Aug 1, 1996

Mad about You

The story of what happened when a company's founder brought in his wife to run the company.

 

You know the nightmare: bring in a professional manager to help run your company, and next thing you know, you don't have your job. Now imagine that the manager is your wife

It was the kind of management meeting that runs on its own momentum, with agenda items nearly checking themselves off. Should we buy a pay phone for the employees to make personal calls? No. Have the 16,000 Mineral Magic kits on back order come in yet? They're on their way. What about the search for an art director? It's ongoing. Then Fred DaMert, wearing his trademark psychedelic shirt, made what in other circumstances might have sounded like a modest proposal.

"I'd like to launch a home page on the World Wide Web," he said, going on to explain how a competing toy-and-gift manufacturer had put its catalog on the Internet. "It would cost about $2,500 to do it." Everybody knew what was coming.

"There's no money in the budget for that," the CEO shot back, and after consulting her trusted managers, she instructed him, "You'd better make a presentation to the budget committee."

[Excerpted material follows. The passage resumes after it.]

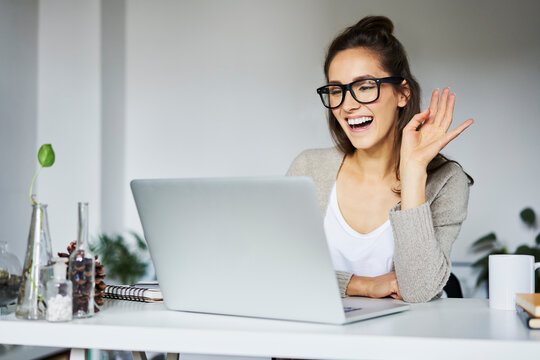 Young woman laughing during video chat at desk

He touched his lips, nodded, and said nothing, tapping his pen on the table. Fred DaMert wasn't just looking for a few thousand dollars. He was looking for a way to contribute to the $10.5-million company where he had worked since 1973. Actually, it was more complicated than that. DaMert, 49, had founded the DaMert Co. back in 1973, after inventing a popular rainbow-making prism. Now, in April 1996, about a half dozen years after bringing in a professional manager to, as he put it, "take care of the money," he couldn't get even the smallest of projects approved without a struggle.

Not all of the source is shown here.